26 janvier 2024 – Solennité des Saints Fondateurs de Cîteaux
Si 44, 1.10-15; Heb 11, 1-2. 8-13a; Marc 10, 24b-30
 

Homélie

          Les communautés qui appartiennent à l’Ordre cistercien fêtent aujourd’hui la solennité des trois Fondateurs de Cîteaux – et donc de l’Ordre cistercien.    

          Le texte du Livre de Ben Sirac le Sage, que nous avons entendu comme première lecture de cette célébration eucharistique nous invitait à faire mémoire de ces personnages glorieux que sont nos ancêtres. Robert, Albéric, Étienne et leurs compagnons, qui furent les fondateurs de Cîteaux, sont nos ancêtres dans la vie monastique. C’est à travers eux qu’a été transmise aux générations suivantes et qu’est parvenue jusqu’à nous la vision particulière de la vie monastique qui a trouvé son expression dans le Cîteaux primitif.

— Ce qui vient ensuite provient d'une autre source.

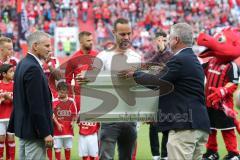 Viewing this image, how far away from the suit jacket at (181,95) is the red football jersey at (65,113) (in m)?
2.83

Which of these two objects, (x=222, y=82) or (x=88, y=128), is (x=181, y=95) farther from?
(x=222, y=82)

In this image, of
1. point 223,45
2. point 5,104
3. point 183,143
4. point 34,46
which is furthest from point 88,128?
point 183,143

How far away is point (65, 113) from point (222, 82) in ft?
8.24

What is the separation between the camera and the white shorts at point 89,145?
9602mm

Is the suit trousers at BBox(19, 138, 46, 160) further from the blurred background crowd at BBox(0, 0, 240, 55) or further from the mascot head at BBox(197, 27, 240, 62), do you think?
the blurred background crowd at BBox(0, 0, 240, 55)

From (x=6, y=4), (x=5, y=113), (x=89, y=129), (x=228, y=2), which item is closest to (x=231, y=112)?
(x=89, y=129)

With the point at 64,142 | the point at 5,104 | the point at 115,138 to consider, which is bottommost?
the point at 64,142

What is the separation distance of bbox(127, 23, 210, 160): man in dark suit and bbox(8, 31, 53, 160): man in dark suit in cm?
106

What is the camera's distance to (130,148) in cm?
772

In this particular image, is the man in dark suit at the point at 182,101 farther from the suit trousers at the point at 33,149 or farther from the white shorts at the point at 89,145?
the white shorts at the point at 89,145

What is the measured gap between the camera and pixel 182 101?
7188 mm

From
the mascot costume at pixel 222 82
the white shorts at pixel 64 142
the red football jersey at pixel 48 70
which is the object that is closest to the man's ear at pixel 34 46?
the red football jersey at pixel 48 70

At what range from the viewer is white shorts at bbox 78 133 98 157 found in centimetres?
960

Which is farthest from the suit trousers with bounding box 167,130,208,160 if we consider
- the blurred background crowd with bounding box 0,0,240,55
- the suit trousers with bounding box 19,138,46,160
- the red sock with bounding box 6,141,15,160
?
the blurred background crowd with bounding box 0,0,240,55
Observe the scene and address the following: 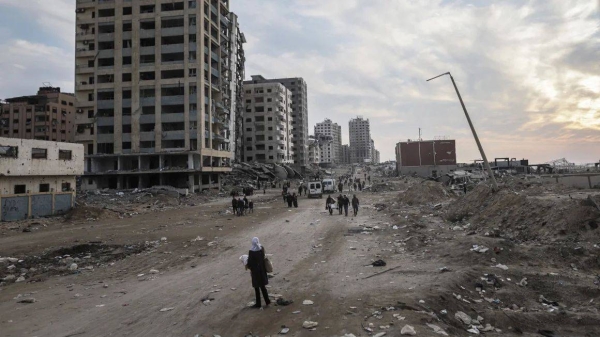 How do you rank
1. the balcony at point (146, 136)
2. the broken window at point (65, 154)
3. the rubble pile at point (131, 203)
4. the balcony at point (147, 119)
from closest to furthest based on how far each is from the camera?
1. the rubble pile at point (131, 203)
2. the broken window at point (65, 154)
3. the balcony at point (146, 136)
4. the balcony at point (147, 119)

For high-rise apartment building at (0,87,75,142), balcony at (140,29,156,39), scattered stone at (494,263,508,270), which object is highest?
balcony at (140,29,156,39)

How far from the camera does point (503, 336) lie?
18.7ft

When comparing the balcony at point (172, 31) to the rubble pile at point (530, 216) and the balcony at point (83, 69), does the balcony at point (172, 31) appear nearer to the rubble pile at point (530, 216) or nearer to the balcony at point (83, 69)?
the balcony at point (83, 69)

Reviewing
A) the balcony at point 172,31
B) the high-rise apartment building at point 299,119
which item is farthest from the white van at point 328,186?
the high-rise apartment building at point 299,119

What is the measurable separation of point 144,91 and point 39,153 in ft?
83.9

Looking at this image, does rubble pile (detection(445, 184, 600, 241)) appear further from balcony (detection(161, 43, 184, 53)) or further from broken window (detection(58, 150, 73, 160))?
balcony (detection(161, 43, 184, 53))

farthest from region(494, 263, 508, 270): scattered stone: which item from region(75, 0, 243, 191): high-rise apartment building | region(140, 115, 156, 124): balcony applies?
region(140, 115, 156, 124): balcony

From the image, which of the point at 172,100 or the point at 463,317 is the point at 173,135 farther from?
the point at 463,317

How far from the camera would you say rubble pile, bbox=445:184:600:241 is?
36.7ft

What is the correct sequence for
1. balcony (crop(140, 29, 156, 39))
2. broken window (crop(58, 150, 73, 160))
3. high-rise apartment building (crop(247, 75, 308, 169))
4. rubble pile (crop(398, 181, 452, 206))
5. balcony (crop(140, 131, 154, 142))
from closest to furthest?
rubble pile (crop(398, 181, 452, 206)) → broken window (crop(58, 150, 73, 160)) → balcony (crop(140, 131, 154, 142)) → balcony (crop(140, 29, 156, 39)) → high-rise apartment building (crop(247, 75, 308, 169))

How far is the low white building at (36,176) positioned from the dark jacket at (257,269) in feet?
87.6

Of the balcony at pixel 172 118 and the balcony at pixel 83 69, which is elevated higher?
the balcony at pixel 83 69

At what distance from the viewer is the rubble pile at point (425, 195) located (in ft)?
91.5

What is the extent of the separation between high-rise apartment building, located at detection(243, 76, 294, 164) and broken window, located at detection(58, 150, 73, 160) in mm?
61530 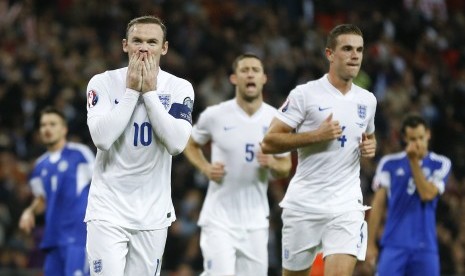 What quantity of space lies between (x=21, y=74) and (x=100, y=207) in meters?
9.56

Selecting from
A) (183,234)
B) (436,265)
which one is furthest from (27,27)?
(436,265)

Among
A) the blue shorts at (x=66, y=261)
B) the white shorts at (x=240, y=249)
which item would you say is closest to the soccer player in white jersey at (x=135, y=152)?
the white shorts at (x=240, y=249)

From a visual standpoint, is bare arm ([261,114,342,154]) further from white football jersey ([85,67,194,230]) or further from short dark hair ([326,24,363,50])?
white football jersey ([85,67,194,230])

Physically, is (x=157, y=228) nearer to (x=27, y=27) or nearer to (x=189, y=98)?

          On attribue généralement l’expansion rapide et assez phénoménale de Cîteaux durant les premières décennies de son existence au charisme de saint Bernard et au grand nombre de vocations. Il y a évidemment beaucoup de vrai dans cette affirmation ; mais on peut aussi considérer que la réussite de toutes les premières fondations de Cîteaux et celle de Clairvaux en particulier, est un tribut à la qualité de formation que toutes ces jeunes recrues ont reçue à Cîteaux, lorsqu’ils y sont entrés. Le jeune chevalier Bernard, inquiet et un peu fantasque, ne serait jamais devenu saint Bernard s’il n’avait eu de tels maîtres.

          Lorsque Bernard et ses jeunes compagnons sont entrés à Cîteaux, ils n’ont certainement pas trouvé un programme de formation bien structuré avec une série de cours et une liste de professeurs. On ne leur a pas donné une liste de livres à lire et des examens à préparer ou des mémoires à rédiger. Ils ont trouvé une communauté. Cette communauté était petite, même très petite selon les standards de l’époque. La plupart des moines étaient âgés ; Robert avait plus de 70 ans ; Étienne et Albéric pas beaucoup moins. Ils n’ont pas trouvé un programme de formation, mais quelques moines formés par la Parole de Dieu et une longue expérience de la vie monastique, et capables de transmettre les valeurs qui les faisaient vivre.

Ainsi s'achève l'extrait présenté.